Johns Hopkins researchers have identified a rare gene mutation in a single family with a high rate of schizophrenia, adding to evidence that abnormal genes play a role in the development of the disease.

The researchers, in a report published in the journal Molecular Psychiatry, say that family members with the mutation in the gene Neuronal PAS domain protein 3 (NPAS3) appear at high risk of developing schizophrenia or another debilitating mental illnesses.
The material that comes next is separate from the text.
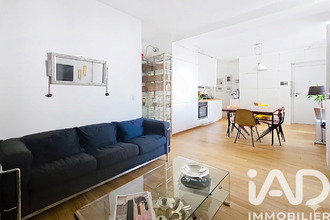  appartement paris 75010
Normally functioning NPAS3 regulates the development of healthy neurons, especially in a region of the brain known as the hippocampus, which appears to be affected in schizophrenia.

The Johns Hopkins researchers say they have evidence that the mutation found in the family may lead to abnormal activity of NPAS3, which has implications for brain development and function.

"Understanding the molecular and biological pathways of schizophrenia is a powerful way to advance the development of treatments that have fewer side effects and work better than the treatments now available," says study leader Frederick C Nucifora Jr, PhD, DO, MHS, an assistant professor of psychiatry and behavioural sciences at the Johns Hopkins University School of Medicine. "We could definitely use better medicines."

Along with environmental factors, it is widely believed that many genes play some role in causing schizophrenia, a disease characterised by a variable combination of hallucinations, delusions, impaired cognition and a loss of drive and initiative.